_Problem:_ Make an exact copy of the records below, leaving every image out.

Scraped caption text data:
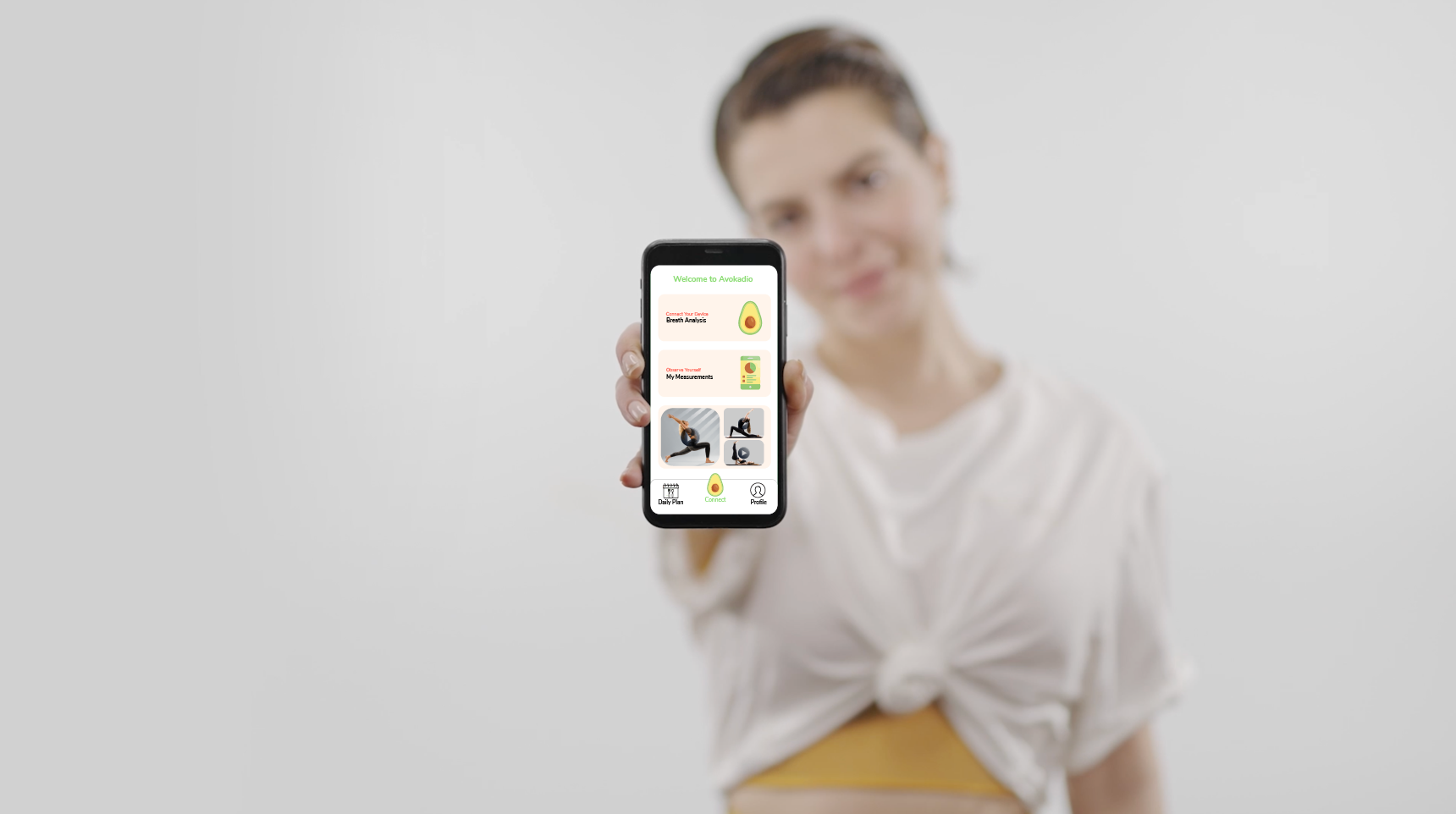 Sağlıklı beslenme illüstrasyonu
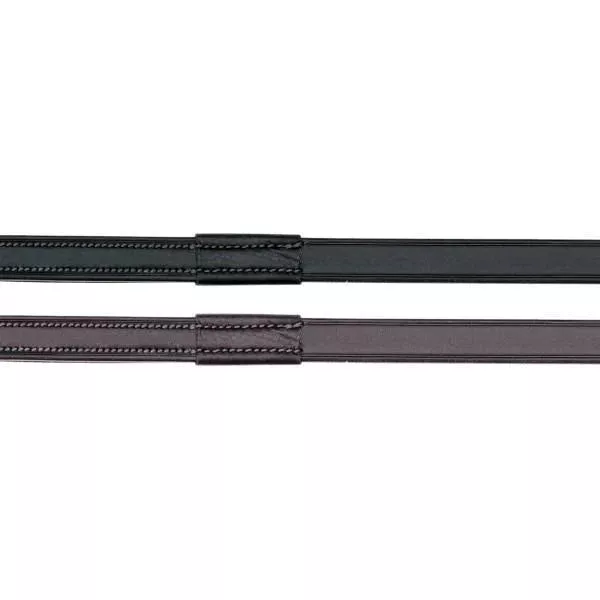 Reins Plain Brown English 1/2 x 54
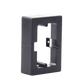 Caja de Registro Universal color Negro de PVC Auto Extinguible Color Negro (7900-02003)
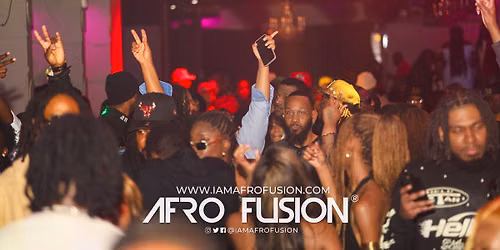 AFRO FUSION  SATURDAY
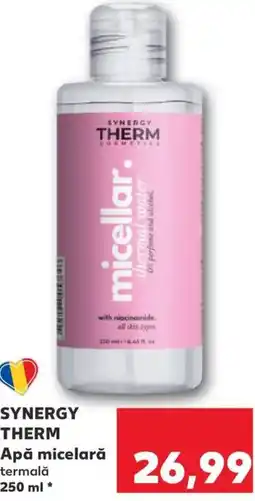 Kaufland SYNERGY THERM Apă micelarǎ termală Ofertă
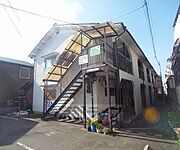 東向日駅より徒歩15分 築51年8ヶ月 2階建の賃貸物件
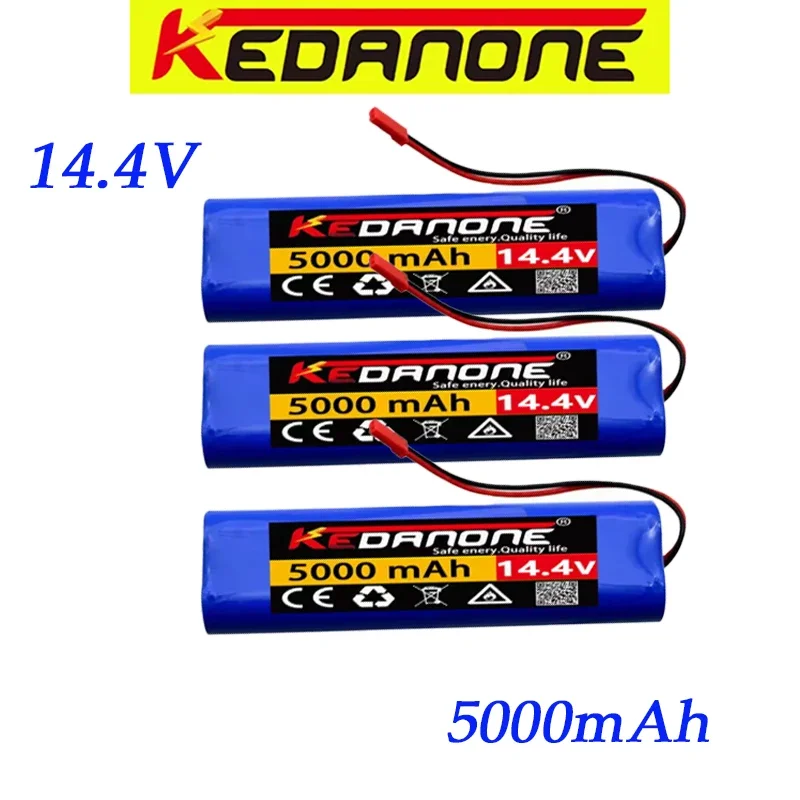 

14.4V 5000mAh For Ilife Good Quality Battery V50 V55 V8s V3s Pr o V5s Pro V 8s X750 Robot Vacuum Cleaner Batter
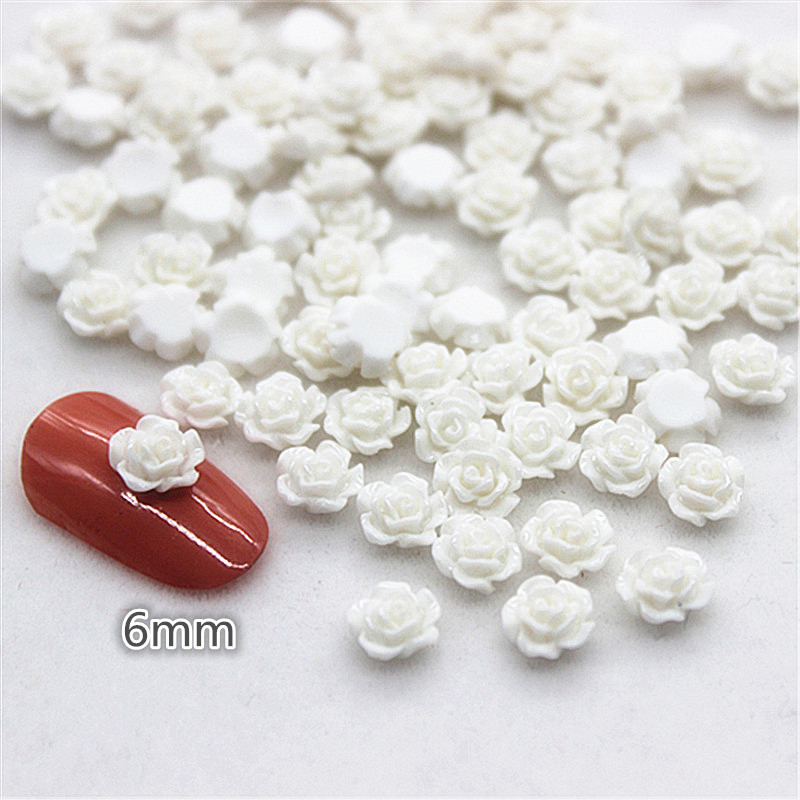 레진 미니 장미 꽃 플랫백 카보숑, DIY 스크랩북 공 - Resin Art For Rose 리뷰 및 가격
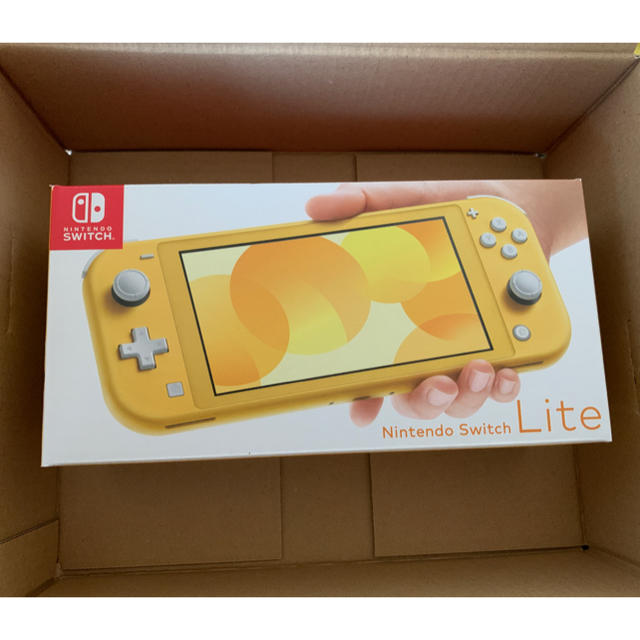 nintendo switch lite イエロー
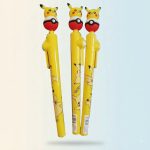 Cartoon Spinning Gel Pen – 0.5 mm – Pikachu - Image 3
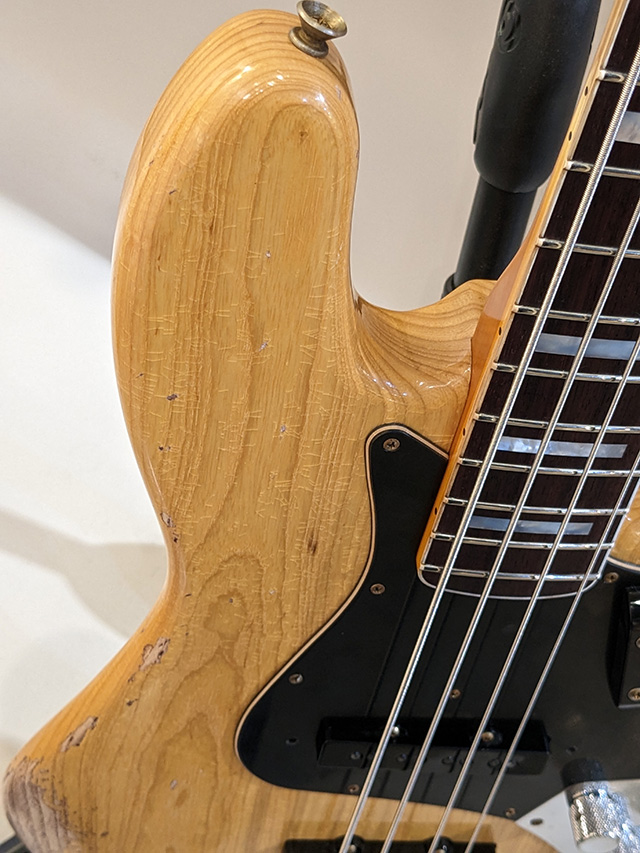FENDER CUSTOM SHOP 2022 Limited Edition Custom Jazz Bass Heavy Relic Aged Natural フェンダーカスタムショップ 2024春Fender サブ画像10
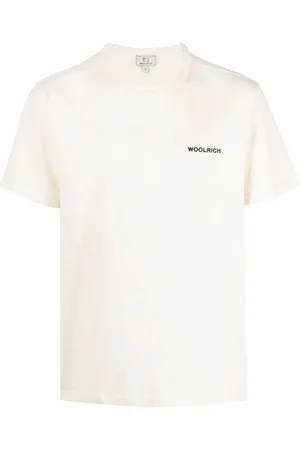 Woolrich Camiseta con logo en el pecho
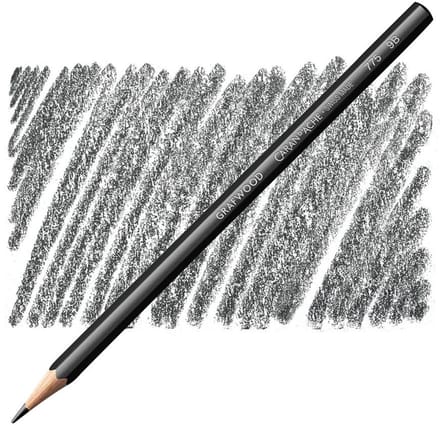Caran D'ache - Grafwood Artist Grafietpotlood Extra fine - 9B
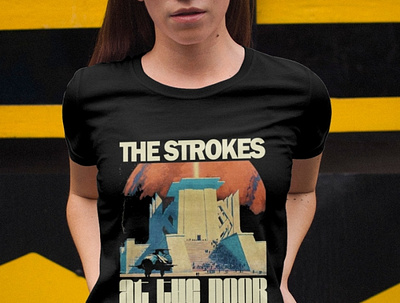 The Strokes at the Door Shirt thestrokesatthedoorshirts thestrokesatthedoortshirt thestrokesatthedoortshirts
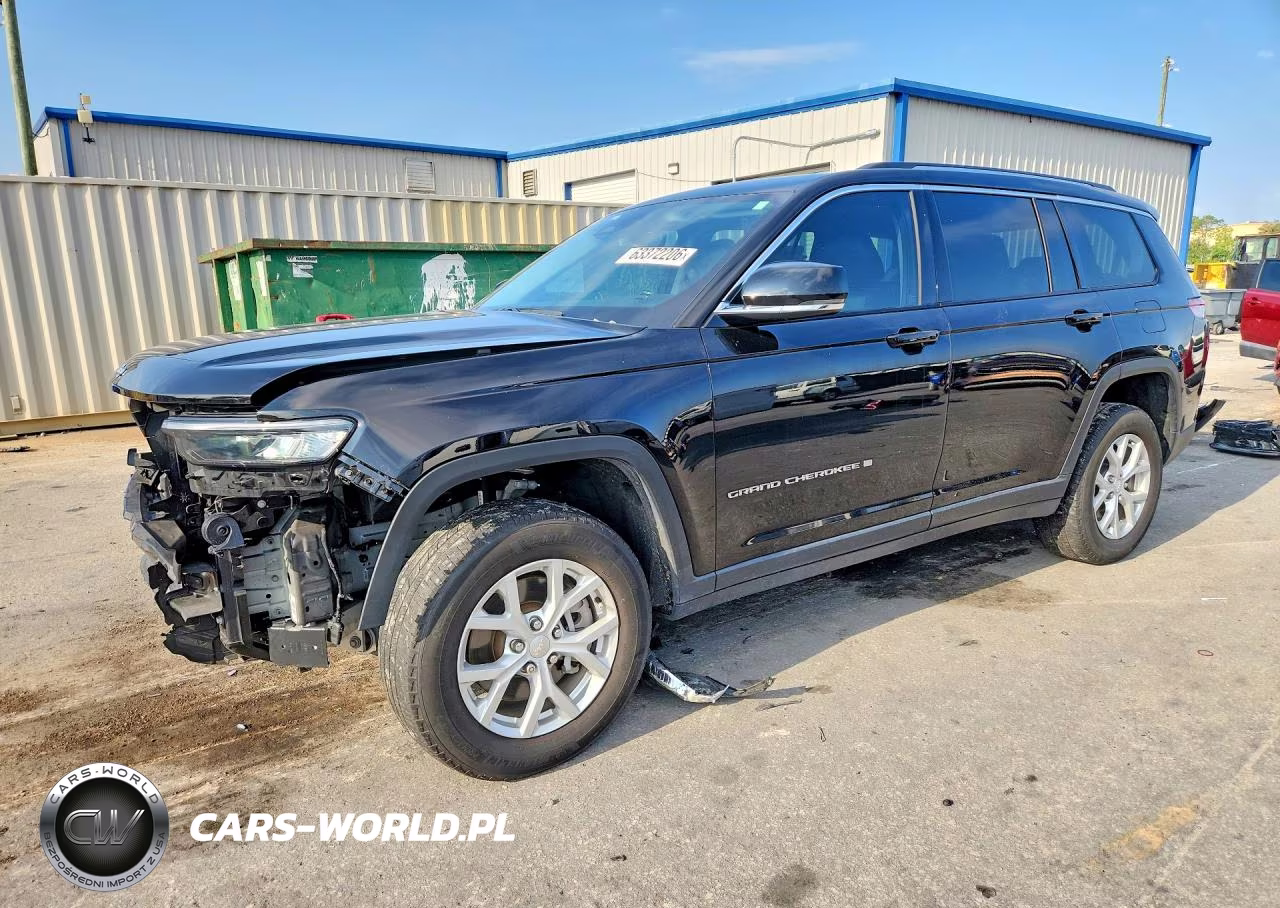 2023 Jeep Grand Cherokee L Limited – zdjęcie 1 z 14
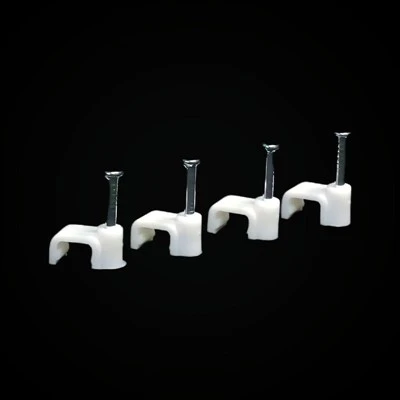 Clip para cables de oficina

_Solution for this problem:_
 Sağlıklı beslenme illüstrasyonu
 Reins Plain Brown English 1/2 x 54
 Caja de Registro Universal color Negro de PVC Auto Extinguible Color Negro (7900-02003)
 AFRO FUSION  SATURDAY
 Kaufland SYNERGY THERM Apă micelarǎ termală Ofertă
 東向日駅より徒歩15分 築51年8ヶ月 2階建の賃貸物件

14.4V 5000mAh For Ilife Good Quality Battery V50 V55 V8s V3s Pr o V5s Pro V 8s X750 Robot Vacuum Cleaner Batter
 레진 미니 장미 꽃 플랫백 카보숑, DIY 스크랩북 공 - Resin Art For Rose 리뷰 및 가격
 nintendo switch lite イエロー
 Cartoon Spinning Gel Pen – 0.5 mm – Pikachu - Image 3
FENDER CUSTOM SHOP 2022 Limited Edition Custom Jazz Bass Heavy Relic Aged Natural フェンダーカスタムショップ 2024春Fender サブ画像10
 Woolrich Camiseta con logo en el pecho
Caran D'ache - Grafwood Artist Grafietpotlood Extra fine - 9B
 The Strokes at the Door Shirt thestrokesatthedoorshirts thestrokesatthedoortshirt thestrokesatthedoortshirts
 2023 Jeep Grand Cherokee L Limited – zdjęcie 1 z 14
 Clip para cables de oficina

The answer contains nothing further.